Marking up code listings
I included several HTML and XML code samples in my writeup of how to mark up captioned figures, so I thought I should also explain how I mark up code listings.
The straightforward way to mark up source code in semantic HTML
is by employing a compound of <pre>
and <code>
which ends up looking like this:
<pre><code>
…source code goes here…
</code></pre>
Aside: It should be noted that the
existence of this HTML compound is why proposals for a code
microformat such as Anders
Conbere’s hCode get shot down — the answer to is
there a compound of XHTML elements that would work?
(one of
the questions
to ask before proceeding in the microformats
process) is an emphatic “yes.”
Now, this compound is pretty minimal — we know that the text inside is source code, but we don’t know anything interesting about it. Let’s see about enhancing it.
For my first baby-step past the basics, I indicate the
code’s language by putting a class onto the <code>
element:
<pre><code class="python">
…python source code goes here…
</code></pre>
There are several JavaScript-based automatic syntax highlighers
— such as Dan
Webb’s CodeHighlighter
— which operate directly on such language-labeled <pre><code>
blocks. A really simple
addition to the basic HTML compound can get you quite far. But
say you want to handle syntax highlighting yourself — what
should you do?
Syntax highlighting
Take this simple snippet of JavaScript:
var foo = 4;
We can introduce basic syntax highlighting of variables by using
the <var>
element:
<pre><code class="javascript">
var <var>foo</var> = 4;
</code></pre>
This is about as far as we can get without introducing our own semantics via custom classes.
So how should we choose what to highlight? What should we name the classes we create? As Jon Williams noted, our technique should take into account the wide variety of languages we might want to mark up — programming languages are but one such variety.
This is where Emacs comes in.
Emacs already knows how to syntax highlight pretty much every
language I’d like to post snippets of, and its mechanism for
doing so — font lock — maps disparate language
features onto reasonably semantically-named font
lock faces: builtin
, comment
,
constant
, function
,
keyword
, string
, type
,
and variable
, to name the key ones. These are
pretty good names to crib, and we can observe what names Emacs
attaches to different parts of code too.
To illustrate, here’s an example pulled from my ~/.cshrc
:
set complete=enhance
set ssh_hosts = `grep '^Host[ ][^*]' ~/.ssh/config | cut -c 6-`
complete ssh 'p/1/$ssh_hosts/'
# Aliases for pulling up a screen on each host
foreach host ($ssh_hosts)
alias $host "ssh -t $host screen -DR"
end
Here’s how you might mark that up:
<pre><code class="csh"><span class="builtin">set</span> <var>complete</var>=enhance
<span class="builtin">set</span> <var>ssh_hosts</var> = <span class="string">`grep '^Host[ ][^*]' ~/.ssh/config | cut -c 6-`</span>
complete ssh <span class="string">'p/1/$ssh_hosts/'</span>
<span class="comment"># Aliases for pulling up a screen on each host</span>
<span class="keyword">foreach</span> host ($<var>ssh_hosts</var>)

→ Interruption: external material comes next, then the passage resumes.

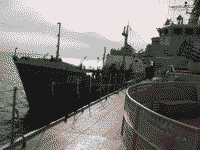 Украинский фрегат "Гетман Сагайдачный" и малый морской танкер пр. 1844 "Фастов" во время перехода из Николаева в Севастополь, 16 ноября 2007 года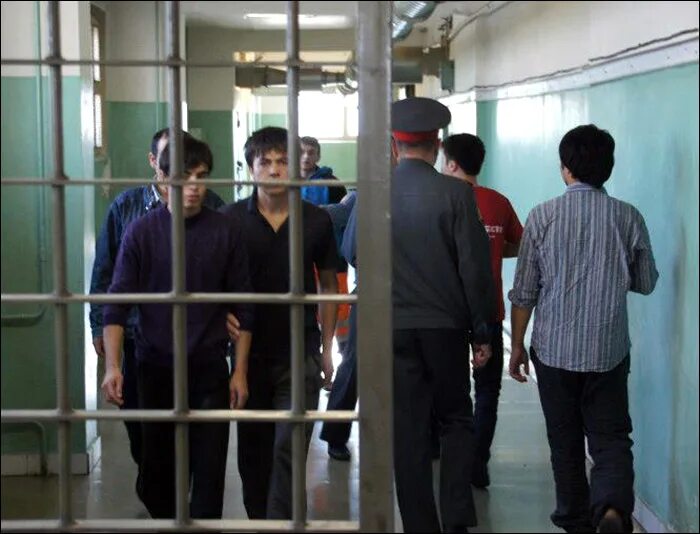 шереметьево миграционная. дамашни дом мигрант. дочь сооронбай жээнбеков. отменили с кыргызстанцем черный список. черный список мигрантов кыргызстана.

<span class="builtin">alias</span> $<var>host</var> <span class="string">"ssh -t $host screen -DR"</span>
<span class="keyword">end</span></code></pre>
Not only is Emacs a decent source of guidance on how to mark code up, it can also do most of the markup-writing heavy lifting for us. There are several tools of varying quality for automatically converting font locked Emacs buffers into equivalent HTML [1, 2, and 3], but I rolled something myself in about 50 lines of Emacs Lisp that Works For Me. I just select a region in some buffer and hit a keystroke: a marked-up version of the region gets dropped right into the clipboard for easy pasting.
The colors I use are from my Emacs color theme, color-theme-hober2.el.
CSS rules derived from color-theme-hober2.el.
pre code .keyword { color: #4682b4; }
pre code .type { color: #3cb371; }
pre code .function { color: #5f9ea0; }
pre code var { color: #ff6a6a; }
pre code .string { color: #fffacd; }
pre code .comment { color: #9932cc; }
pre code .preprocessor { color: #f0e68c; }
pre code .constant { color: #db7093; }
pre code .builtin { color: #f4a460; }
I’m hoping to write up a companion post over at Emacsen.org in which I detail the actual mechanics of the code, but I’m sufficiently busy these days that I doubt I’ll get to it in the near future.